The problem: Below are records that contain pictures; transcribe the text exactly and omit the pictures.

The input:
----------------------------------------

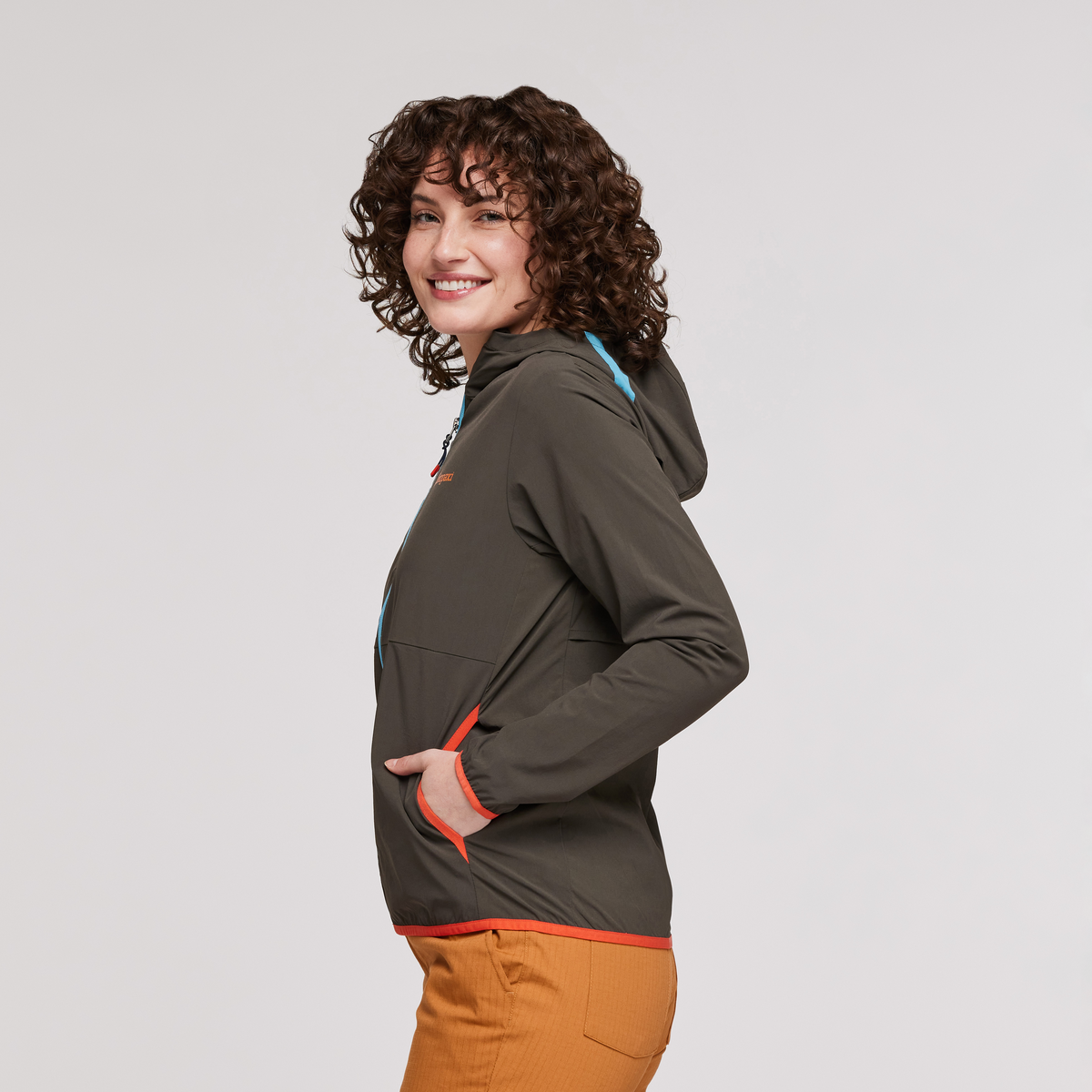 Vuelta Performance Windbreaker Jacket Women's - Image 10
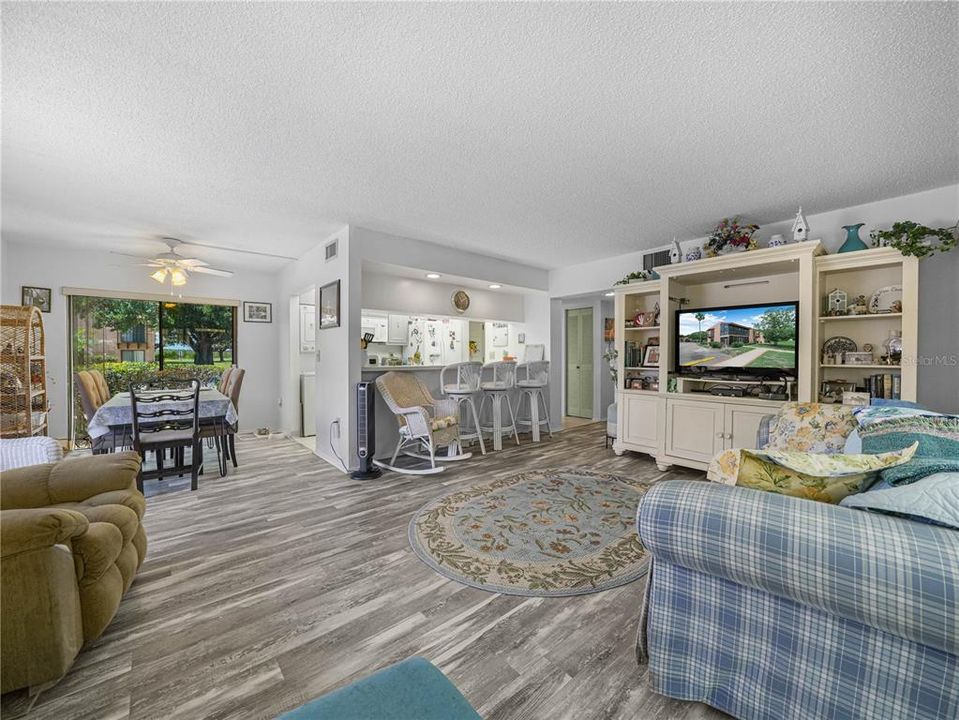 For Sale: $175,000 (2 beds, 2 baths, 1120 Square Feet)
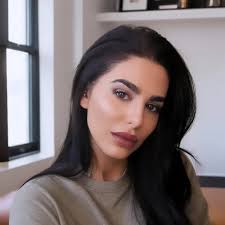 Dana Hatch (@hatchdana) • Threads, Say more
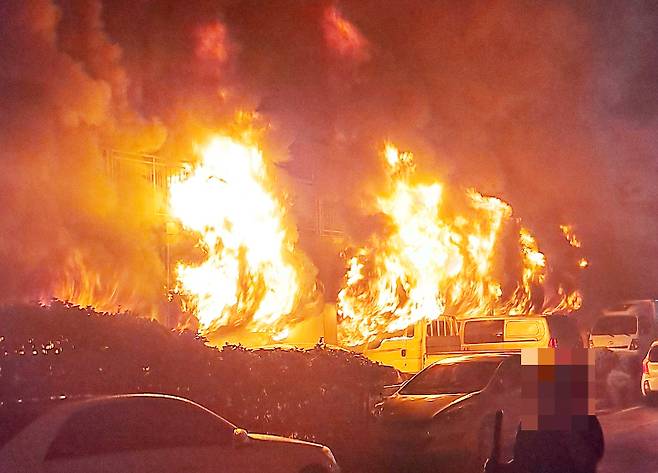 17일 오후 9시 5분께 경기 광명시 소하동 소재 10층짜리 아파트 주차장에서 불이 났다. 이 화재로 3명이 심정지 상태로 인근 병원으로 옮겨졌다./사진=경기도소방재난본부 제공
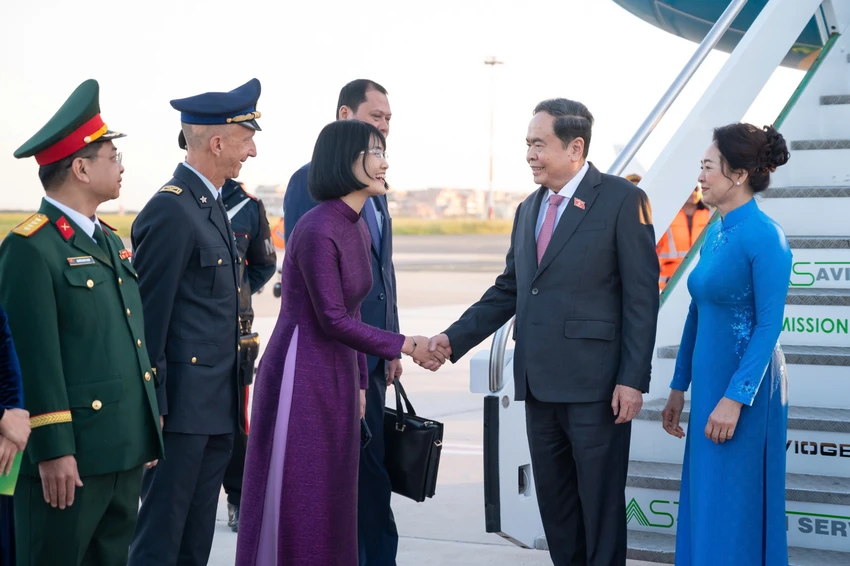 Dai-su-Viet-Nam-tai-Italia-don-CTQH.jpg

----------------------------------------

Reply:
 Vuelta Performance Windbreaker Jacket Women's - Image 10
 For Sale: $175,000 (2 beds, 2 baths, 1120 Square Feet)
 Dana Hatch (@hatchdana) • Threads, Say more
 17일 오후 9시 5분께 경기 광명시 소하동 소재 10층짜리 아파트 주차장에서 불이 났다. 이 화재로 3명이 심정지 상태로 인근 병원으로 옮겨졌다./사진=경기도소방재난본부 제공
 Dai-su-Viet-Nam-tai-Italia-don-CTQH.jpg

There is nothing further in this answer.